There have always been some who were willing to go against their own disordered inclination inherited from the Fall and instead be led of the Spirit. Nature, phusis, inclines but it does not determine. It provokes but it does not choose. Our nature of itself cannot act contrary to the will of God. We choose to follow the flow of our nature or to follow the flow of the Holy Spirit’s leading.

The deciding issue for the Gentile was not nature, but “if thou continue in His goodness.” For the Jew, it was “if they abide not still in unbelief.” We see here that the condemnation is not on the basis of nature, but on the basis of chosen alignments. Those in “good” Jewish nature can choose to stew in unbelief, just as those in “bad” Gentile nature can choose to persist in rejection of His goodness.

Short and Long Hair

Our next text is 1 Corinthians 11:14: “Doth not even nature itself teach you, that, if a man have long hair, it is a shame unto him?” Paul argues that we might know that the most appropriate appearance for a man is to have short hair, a woman, to have long (as the passage continues).

Simply looking at the text, Paul tells us not only (as in so many other places) that our nature is bent and disordered and inclined to evil, but here he suggests that our nature is not wholly corrupted, that, in fact, it retains some capacity to lead us aright. For when he asks, “Doth not even nature itself teach you,” he is saying that we are accountable for knowing the truth about the matter on the basis that our nature still has some capability to lead us aright.

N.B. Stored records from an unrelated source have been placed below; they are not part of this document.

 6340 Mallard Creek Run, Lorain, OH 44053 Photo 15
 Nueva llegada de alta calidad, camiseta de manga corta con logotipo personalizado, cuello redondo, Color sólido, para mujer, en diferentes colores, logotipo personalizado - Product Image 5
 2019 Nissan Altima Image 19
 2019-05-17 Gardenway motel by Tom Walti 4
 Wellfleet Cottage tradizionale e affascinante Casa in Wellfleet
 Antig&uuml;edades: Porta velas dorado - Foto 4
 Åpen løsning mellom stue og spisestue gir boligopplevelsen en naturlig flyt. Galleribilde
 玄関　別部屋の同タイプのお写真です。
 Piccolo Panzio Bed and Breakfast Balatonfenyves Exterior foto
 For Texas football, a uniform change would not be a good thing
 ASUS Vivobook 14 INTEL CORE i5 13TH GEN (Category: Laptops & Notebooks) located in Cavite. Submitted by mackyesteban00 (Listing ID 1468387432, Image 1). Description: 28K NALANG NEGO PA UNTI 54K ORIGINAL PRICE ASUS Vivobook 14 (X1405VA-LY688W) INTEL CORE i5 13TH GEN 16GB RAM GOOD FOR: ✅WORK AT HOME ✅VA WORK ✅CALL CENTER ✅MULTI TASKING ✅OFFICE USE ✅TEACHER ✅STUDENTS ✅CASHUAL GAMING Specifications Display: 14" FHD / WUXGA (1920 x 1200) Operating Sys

Not only is our nature only corrupted in part, but the defects, the graffitti that wrinkles the testimony of nature in the creation around us, is not completely ascendant. There remains a testimony in the world to the goodness of God. Roses have thorns, but they are still crowned with glorious flowers.

Jews or Sinners by Nature?

Galatians 2:14-16 shows Paul using phusis again:

When I saw that they walked not uprightly according to the truth of the gospel, I said unto Peter before them all, If thou, being a Jew, livest after the manner of Gentiles, and not as do the Jews, why compellest thou the Gentiles to live as do the Jews? We who are Jews by nature [phusis], and not sinners of the Gentiles, knowing that a man is not justified by the works of the law, but by the faith of Jesus Christ, even we have believed in Jesus Christ, that we might be justified by the faith of Christ, and not by the works of the law: for by the works of the law shall no flesh be justified.

This is an interesting passage because Paul contrasts being a Jew “by nature” with being a Gentile. (In fact, Paul calls them “sinners of the gentiles.”) Paul is not speaking here of human nature with a universal sense, but using phusis more restrictively. He is talking Jewish race versus Gentile race. We have to let Paul use the words in the contexts he places them in. “No flesh” here is indeed universal. No flesh is justified by any doings of that flesh apart from God’s goodness.

Again we see that there are aspects of the human condition that are universal, that transcend race. But here the word for nature is not translated with a universal sense.

By Nature Not Gods

Another passage is found at Galatians 4:8:

Howbeit then, when ye knew not God, ye did service unto them which by nature are no gods.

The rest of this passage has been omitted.